One of Mr. Sizer’s most renowned works was "Horace’s Compromise: The Dilemma of the American High School." This book was the result of a two-year field study of high schools across the country, in which Mr. Sizer encountered the frustrations faced by teachers due to bureaucratic constraints within the education system. The fictional character Horace Smith represented this compromise, where both teachers and students agreed not to cause trouble for each other in exchange for minimal demands. Marc S. Tucker, president of the National Center on Education and the Economy, who was mentored by Mr. Sizer, praised the book for its ability to expose familiar yet surprising realities.

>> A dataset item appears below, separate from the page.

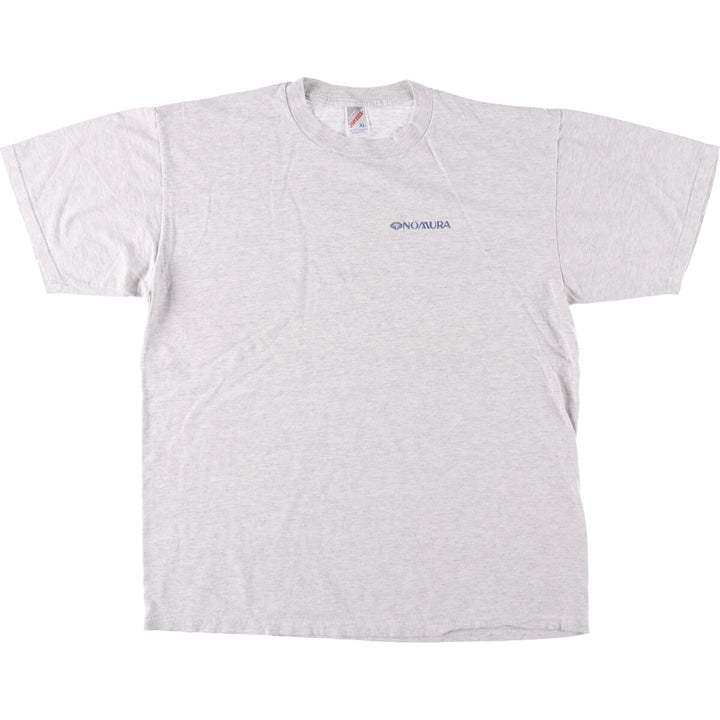 90'S Jerseys NOMURA Nomura Securities Advertising T-shirt Made in USA Men's XL Vintage cotton gray type Vintage Second Hand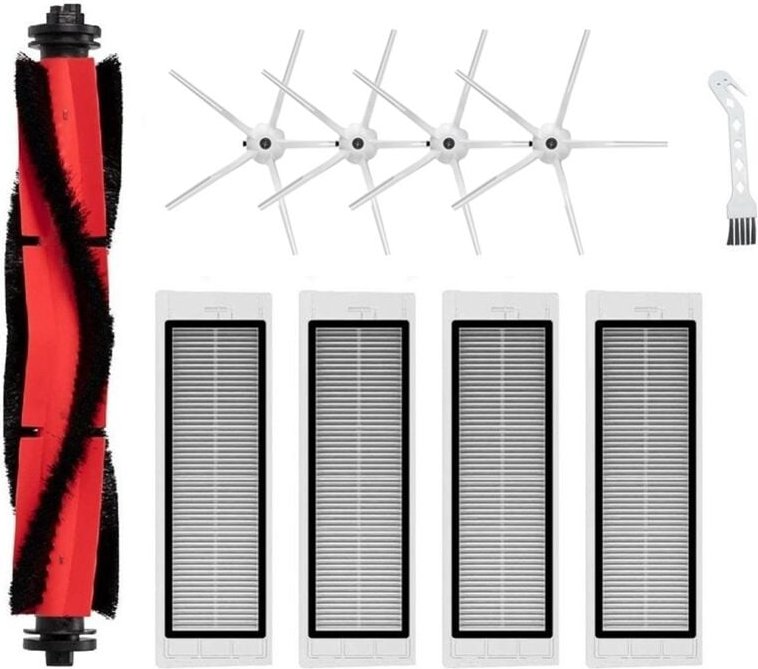 Für Roborock Q5+ Staubsauger Ersatz Hauptbürste Seitenbürste Waschbarer Filter Ersatzteile, Weiß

After establishing the coalition network, Mr. Sizer became the head of the Annenberg Institute for School Reform at Brown University. This institute, supported by a $50 million donation from Walter Annenberg, promotes various efforts to improve schools throughout the country. Mr. Sizer’s ability to engage with different stakeholders, including Exxon and college presidents, in a respectful manner was highly regarded. However, his influence on the national education discourse diminished as policymakers increasingly prioritized strict standards, student testing, and holding educators accountable for results. According to Mr. Cohen from the Coalition of Essential Schools, Mr. Sizer’s ideas were not aligned with the prevailing focus on standardization and testing. He believed in the necessity of truly understanding students and teaching, and holding schools responsible for meeting individual students’ needs rather than treating them as mere data points or widgets on an assembly line.
Despite this shift in education policy, major philanthropies such as the Bill & Melinda Gates Foundation continued to pursue ideas that resembled Mr. Sizer’s thinking, particularly the establishment of smaller, more personalized schools. The foundation initially invested significant amounts of money to downsize high schools and drive reform. However, the outcomes fell short of expectations, leading to a strategic shift by the Gates Foundation. Looking back at the movement he helped initiate, Mr. Sizer expressed disappointment in the lack of progress and the limited number of schools that have significantly changed in the past 15 years.
In the later years of his life, Mr. Sizer co-founded the Forum for Education and Democracy, an organization dedicated to preserving and promoting the ideals of progressive education on a national scale. His final book, "The Red Pencil," published in 2004, voiced his concerns regarding standards, testing, and accountability. He argued that even charter schools were at risk of becoming overly standardized and influenced by political agendas.